Los rivales de Dios son los ídolos, que me prometen felicidades engañosas y que me convierten en esclavo. En el fondo hay un único gran ídolo: mi propio yo. El dilema de mi libertad es: la doy amando a otro que no soy yo, o la repliego egoístamente entorno a mi yo. Y entonces pueden surgir una cantidad de ídolos.

Los ídolos de la comodidad, la flojera y la irresponsabilidad. El voluntarismo, el deseo de hacer mi voluntad y que no sea contrariada. El activismo, esa tendencia a hacer, más que acoger, es muy fuerte en nosotros, sobre todo en el varón. Otro ídolo es el naturalismo que nos impulsa a rechazar algo clave en la fe que es el misterio de la cruz. Y son también ídolos algunos impulsos que no controlamos y que nos tiranizan: el mal genio, la impaciencia y tantas otras cosas que no hemos logrado dominar.

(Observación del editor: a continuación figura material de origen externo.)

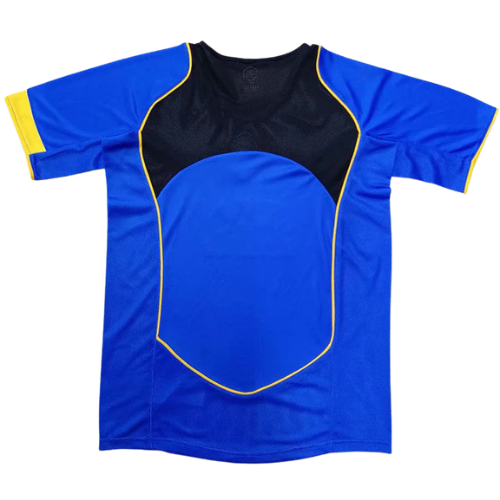 Retro Juventus Away Blue Shirt 2004/05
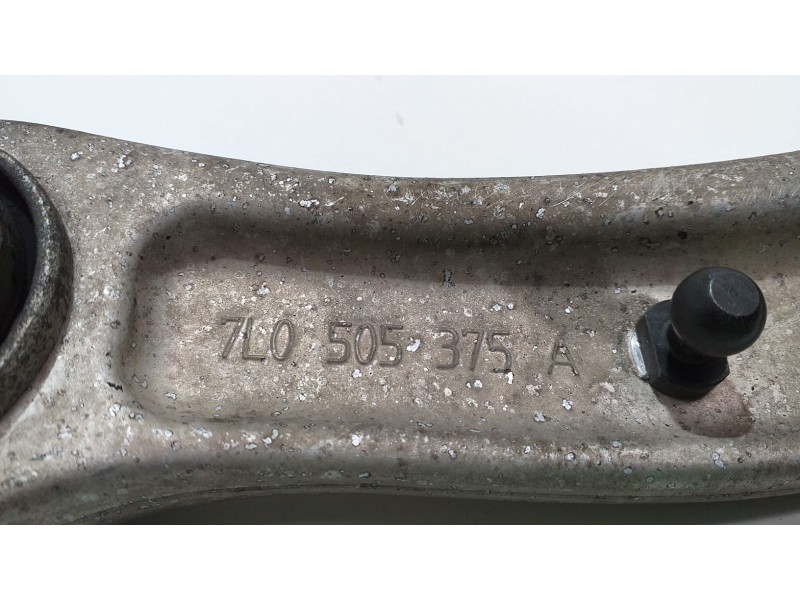 Recambio de brazo suspension superior trasero izquierdo para volkswagen touareg (7la) tdi v6 referencia OEM IAM 7L0505375A 52409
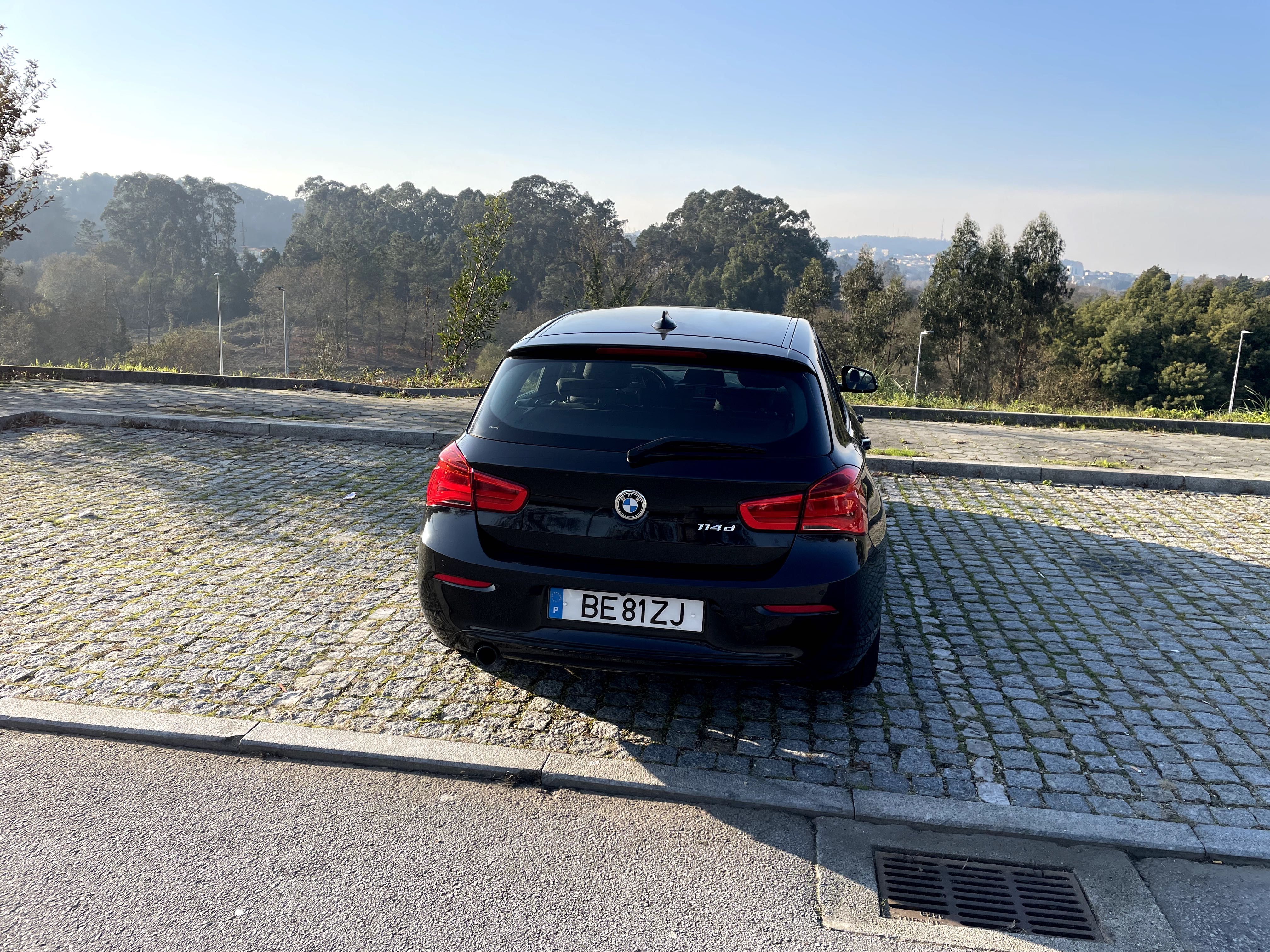 BMW 114D bem equipado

Entonces, si queremos ser libres interiormente, tenemos que luchar contra nosotros mismos, debemos conquistar nuestra libertad paso a paso. No seremos libres mientras estemos atados a las cosas o a las personas. No son las cosas que se atan a nosotros, sino somos nosotros los que nos atamos a las cosas, que nos entregamos a ellas como esclavos.

Para ponernos en camino hacia la libertad interior, debemos conocernos a nosotros mismos: nuestras posibilidades, nuestras limitaciones y ataduras.
Y así empieza la lucha de librarnos de todo aquello que entorpece nuestra verdadera personalidad. Desprendernos de muchas cosas: complejos, angustias, tiranía de los instintos, desórdenes, faltas de carácter, etc. Es todo el campo de la autoeducación.

Pero la libertad no termina aquí. Queremos ser libres para alguien. La posesión de sí mismo tiene por fin la donación, el compromiso.
El sentido de la libertad interior es la entrega al Tú, la solidaridad para los hermanos, la donación a Dios. Entre ambos aspectos (libre de - a fin de ser libre para) resulta una tensión, una polaridad creadora: libertad - vínculo.

Por Padre Nicolás Schwizer.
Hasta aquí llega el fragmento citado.